In order to register register a feature, the server object must already be instantiated, because it is a bound method on the instance of MyLanguageServer instead of a global decorator, which could be used anywhere. This means that this pattern is impossible:

class MyLanguageServer(LanguageServer):
    def __init__(self):
        super().__init__()
        self.custom_thing = 123

    @server.feature(TEXT_DOCUMENT_DID_OPEN)  # Error because `server` doesn't exist
    def did_open(self, params: DidOpenTextDocumentParams):
        self.custom_thing += 1
        self.show_message(f"Custom thing = {self.custom_thing}")

server = MyLanguageServer()

Note that it is also invalid syntax to write @self.feature(...), @feature(...) or @MyLanguageServer.feature(...) because none of them are in scope there.

There is a workaround for this due to how decorators are implemented in Python, but it is quite ugly and more confusing than necessary:

class MyLanguageServer(LanguageServer):
    def __init__(self):
        super().__init__()
        self.custom_thing = 123
        self.feature(TEXT_DOCUMENT_DID_OPEN)(lambda params: self.did_open(params))

    def did_open(self, params: DidOpenTextDocumentParams):
        self.custom_thing += 1
        self.show_message(f"Custom thing = {self.custom_thing}")

server = MyLanguageServer()

Would it be possible to add a syntax to register features that are methods on classes? I'm looking for something along the lines of:

class MyLanguageServer(LanguageServer):
    def __init__(self):
        super().__init__()
        self.custom_thing = 123

    @feature(TEXT_DOCUMENT_DID_OPEN)
    def did_open(self, params: DidOpenTextDocumentParams):
        self.custom_thing += 1
        self.show_message(f"Custom thing = {self.custom_thing}")

server = MyLanguageServer()

Or alternatively, a simplified way of registering features at runtime, along the lines of:

class MyLanguageServer(LanguageServer):
    def __init__(self):
        super().__init__()
        self.custom_thing = 123
        self.register_feature(TEXT_DOCUMENT_DID_OPEN, self.did_open)

    def did_open(self, params: DidOpenTextDocumentParams):
        self.custom_thing += 1
        self.show_message(f"Custom thing = {self.custom_thing}")

server = MyLanguageServer()
dgreisen commented 1 year ago

Can you provide a concrete use case for why you would want to register on the class rather than the instance?
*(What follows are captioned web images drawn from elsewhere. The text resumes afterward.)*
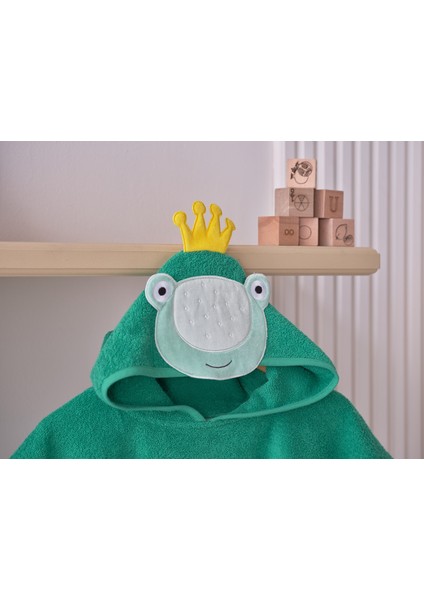 Kral Kurbağa Figürlü Havlu Panço - Piny Bebek Havlu Panço - King Frog - Pamuk indirimleri
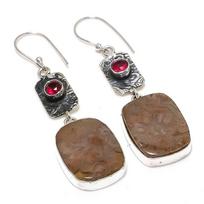 Laguna Lace Agate, Rubillite 925 Sterling Silver Earring 2.56  m5K52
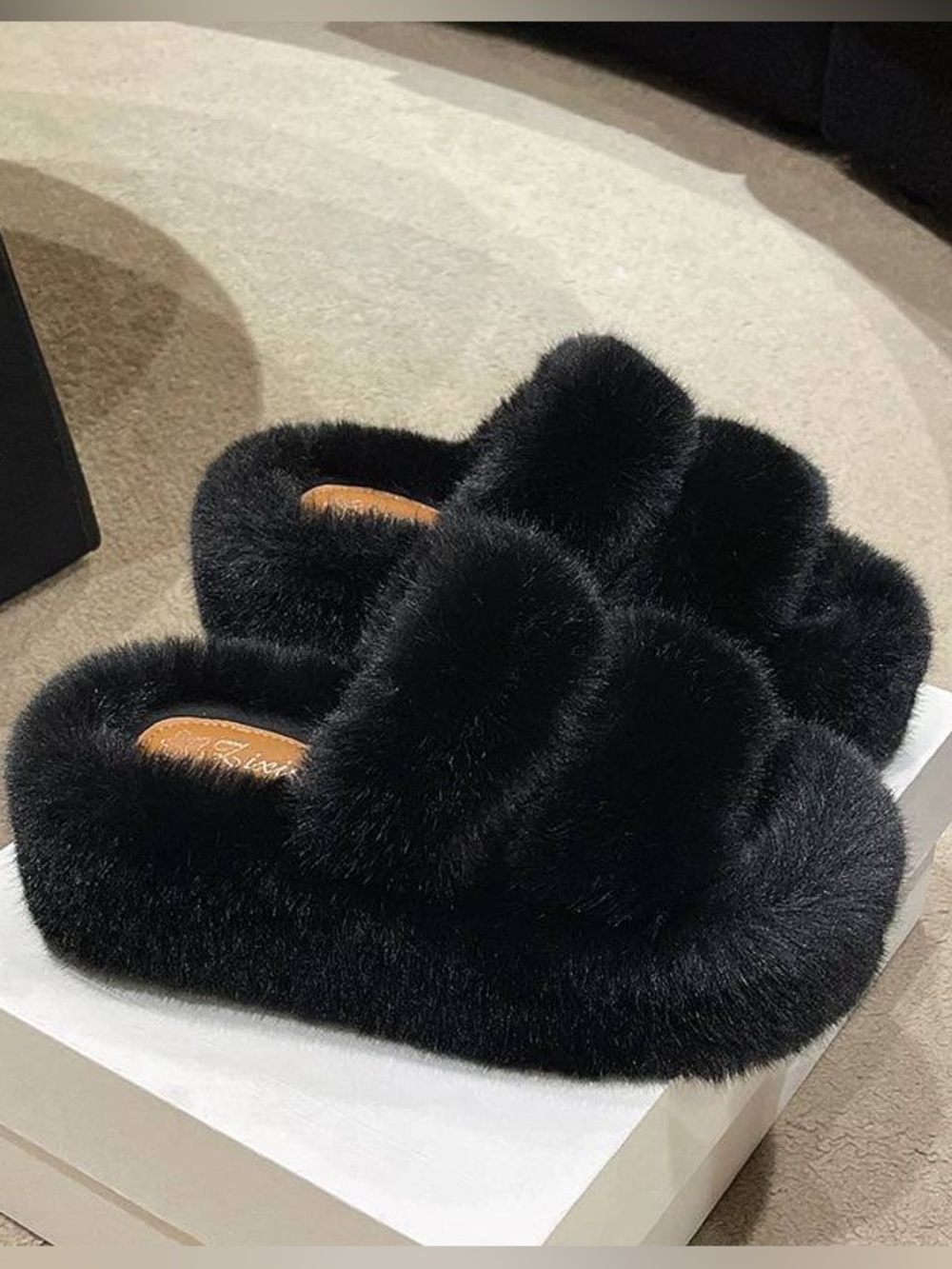 Black Faux Fur Slide Slippers - Women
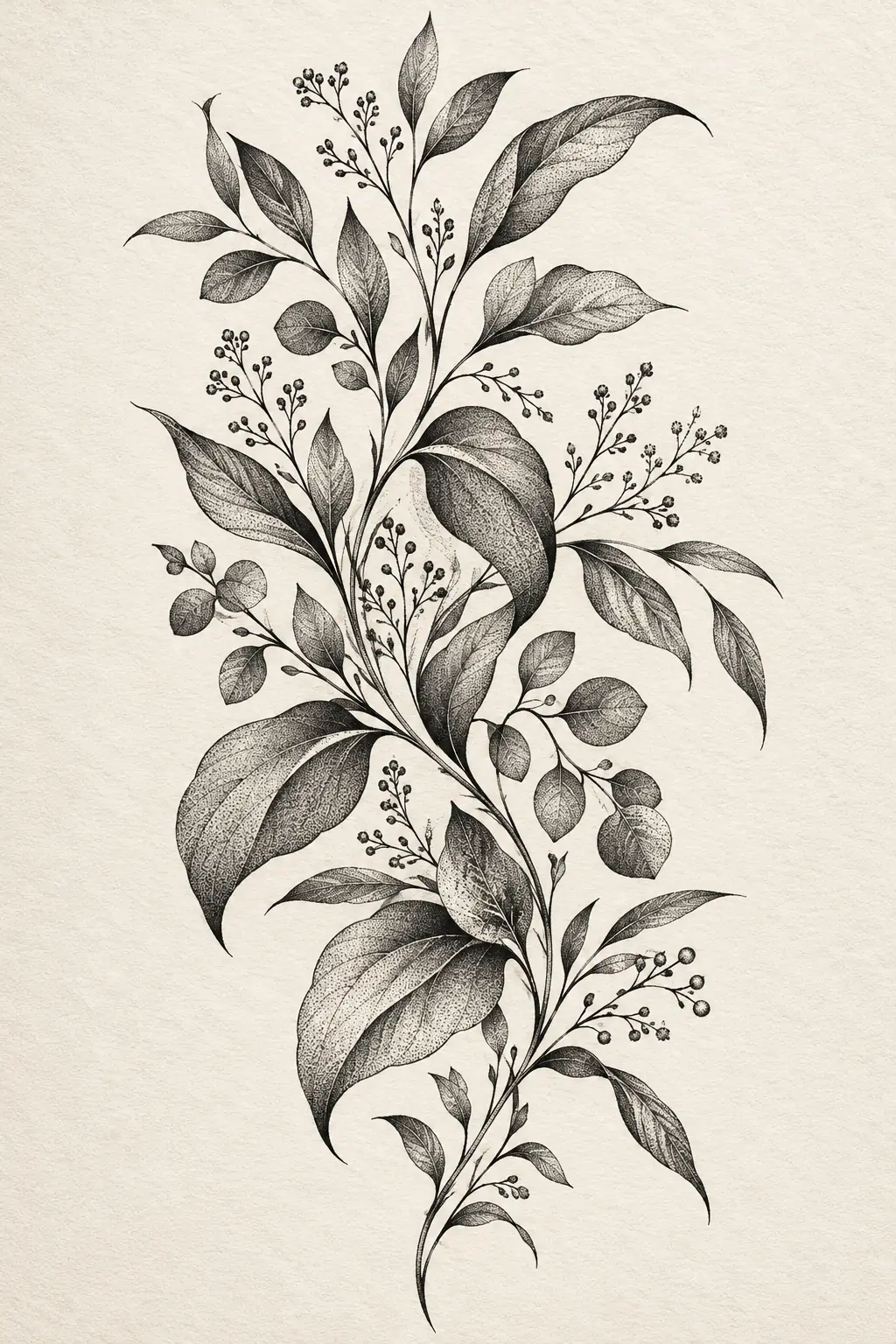 Imagem em alta resolução de tatuagem de folhagem no estilo pontilhismo, referência para fechamento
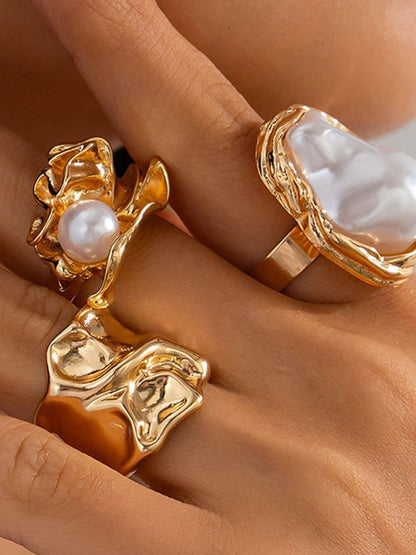 Set of 3 Gold-Plated Pearl-Studded Finger Ring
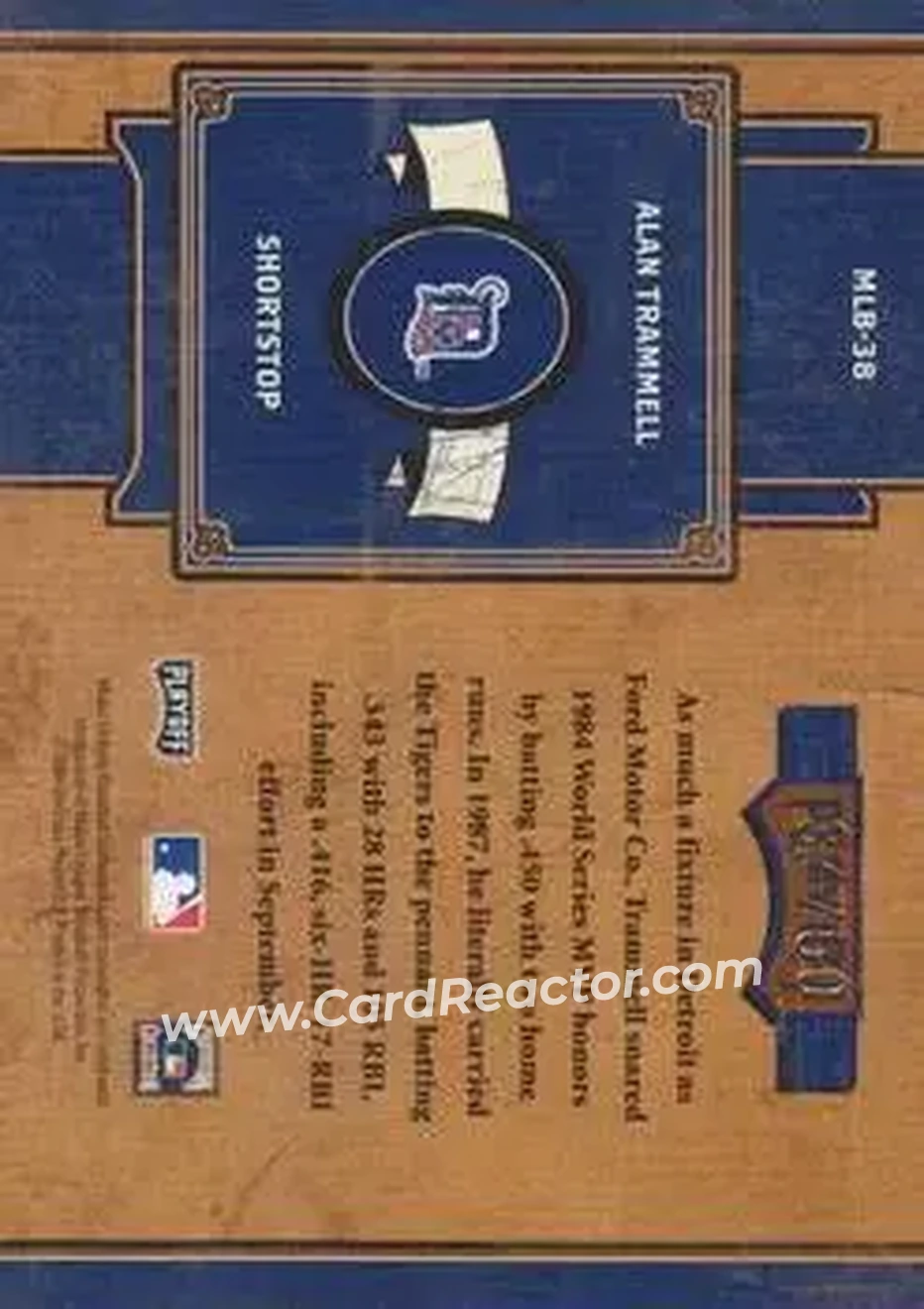 2004 Playoff Prime Cuts II - MLB Icons #MLB-38 - Alan Trammell - Detroit Tigers - Back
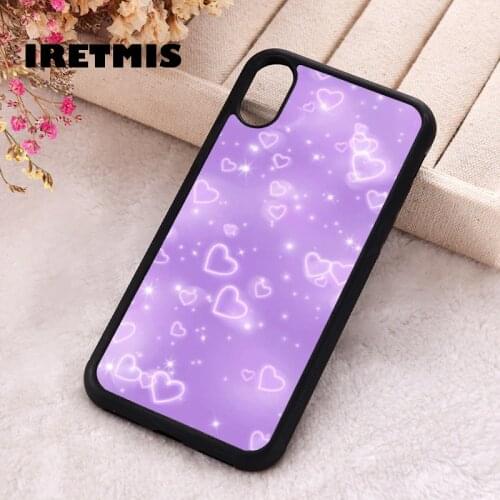 Iretmis 5 5S SE 2020 Phone Cover Case for iPhone 6 6S 7 8 Plus X Xs XR 11 12 Mini Pro Max Rubber Silicone Sparkly Heart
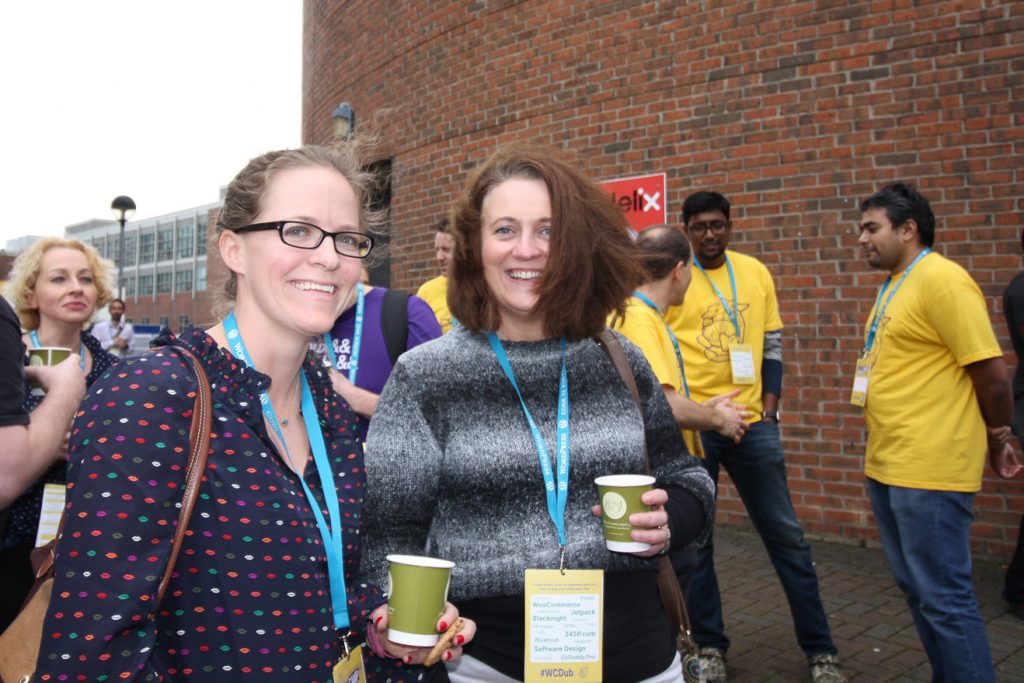Two smiling people attending WordCamp Dublin 2017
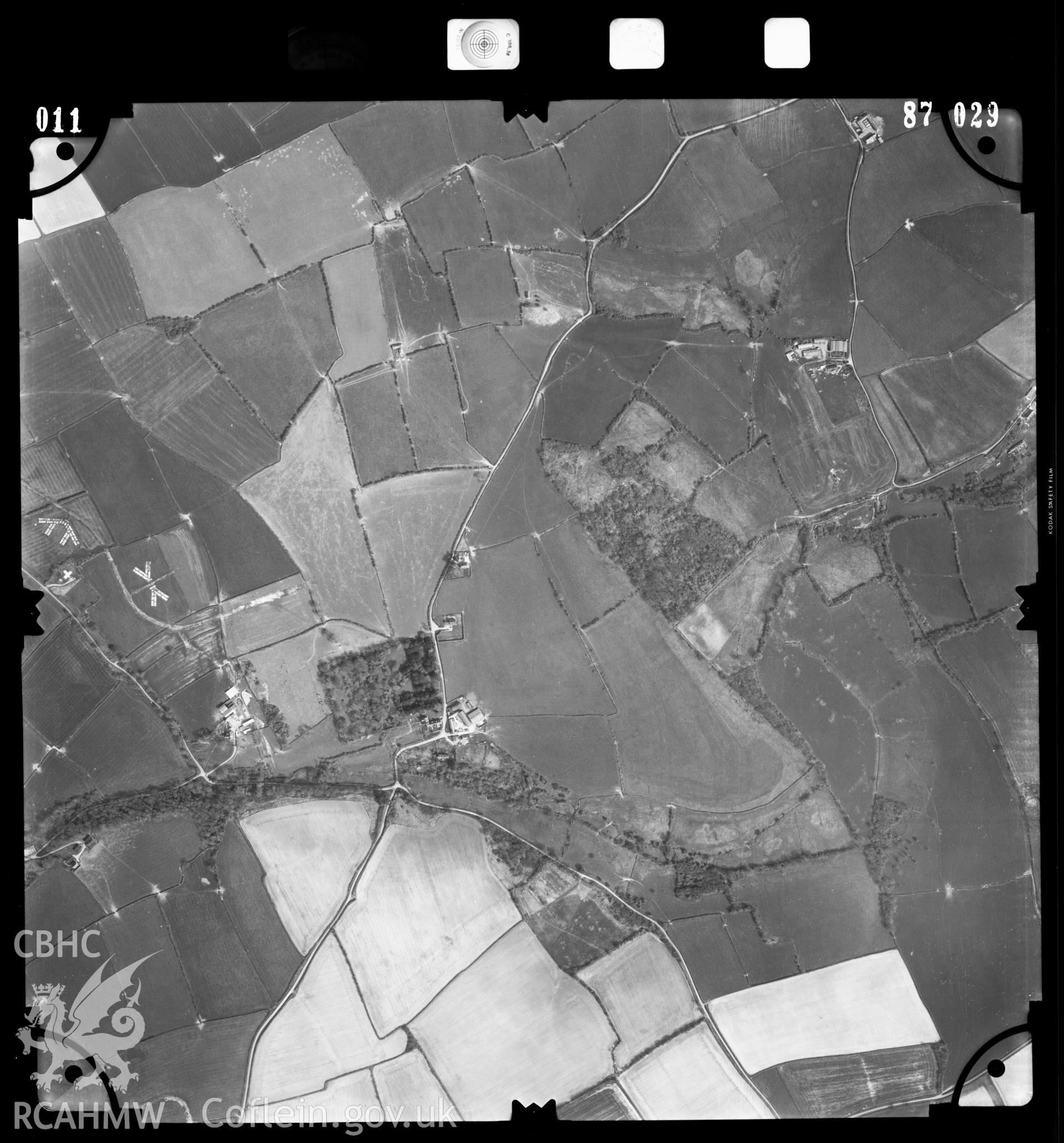 Digitised copy of an aerial photograph showing the St Athan area, taken by Ordnance Survey, 1987.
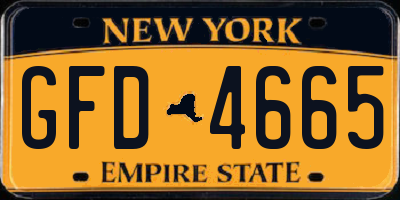 NY license plate GFD4665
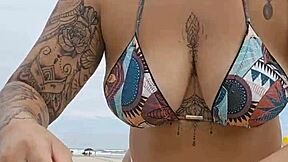 Young african flashes panties on usa beach to tease married men for good fuck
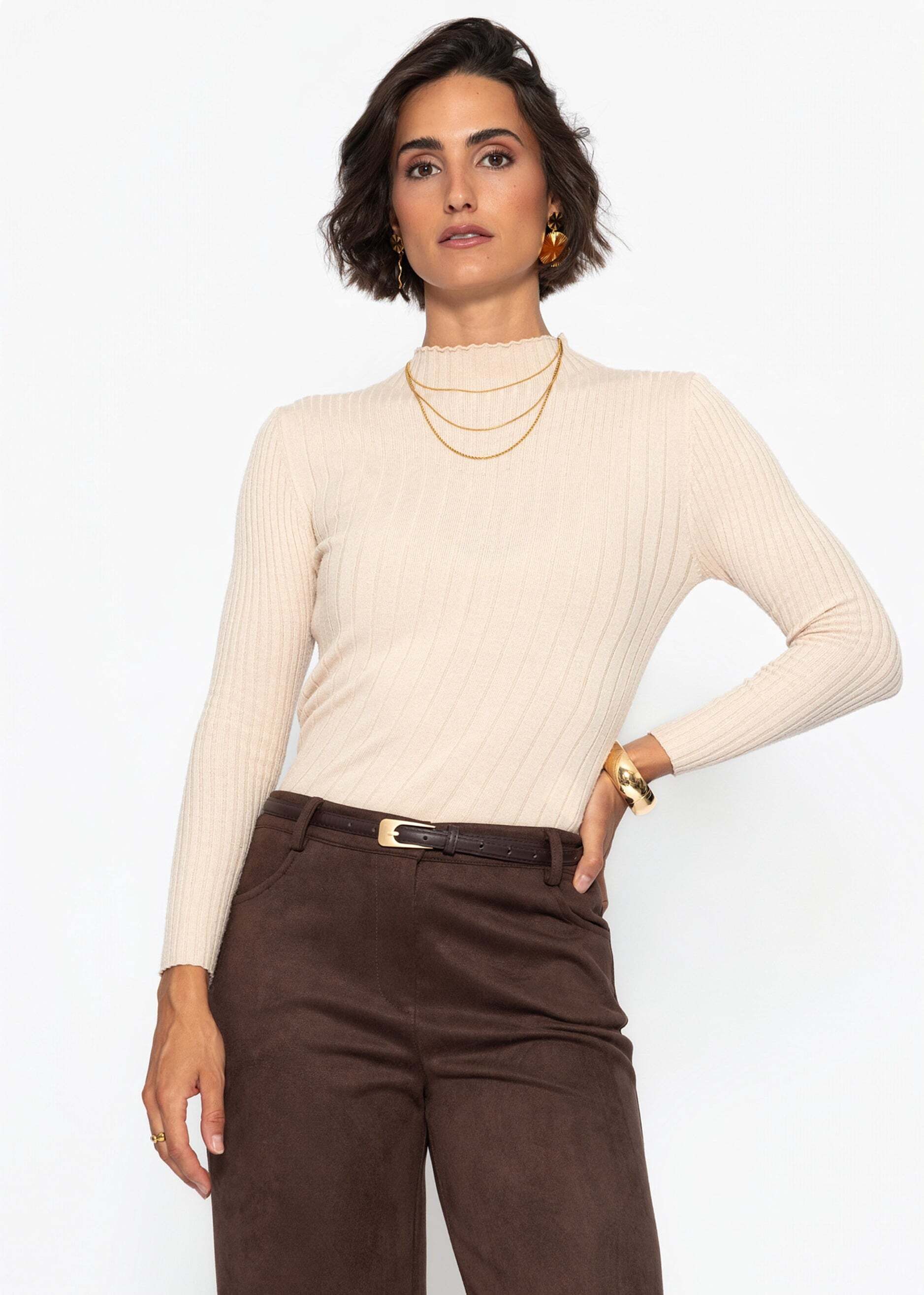 SASSYCLASSY Langarmshirt Oberteil mit Stehkragen für Damen weiches zeitloses Langarmshirt in Beige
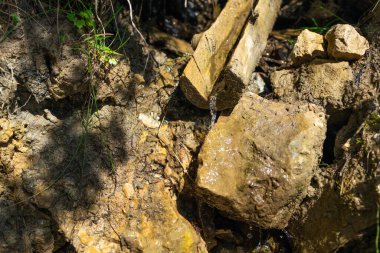 Bir dağın pınarından taze su toplayıp tekrar kullanılabilir bir şişeye koyan elin yakın çekimi. Sürdürülebilirlik, eko-seyahat, susuzluk ve açık havada hayatta kalma temalarını yakalar.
Bruntaz commented 1 year ago

The server I want to write requires a database to pull data from. To set this up, I want to pass a path to the database on init of the server object so that the class can always guarantee the database it is connected to is valid. Because of this, the reference to the database (and other derived things being stored on the class) should be private members so that the area of the code that instantiates the server cannot modify it. In order to modify state on the language server instance in a global function, the state in the server object must be publicly accessible:

class MyLanguageServer(LanguageServer):
    def __init__(self, db_path: str, db: sqlite3.Connection):
        self._db_path = db_path
        self._db = db
        super().__init__()

    @feature(TEXT_DOCUMENT_DID_OPEN)
    def did_open(self, params: DidOpenTextDocumentParams):
        # If this was global, it wouldn't be able to safely access `self._db`
        result = self._db.execute("SELECT * FROM MyTable")
        ...

For efficiency and simplicity, I want to store several things from the database in caches in the class. Making them all public would imply that at the call-site it is appropriate to modify any of the attributes independently of each other, which could leave the class in an inconsistent state.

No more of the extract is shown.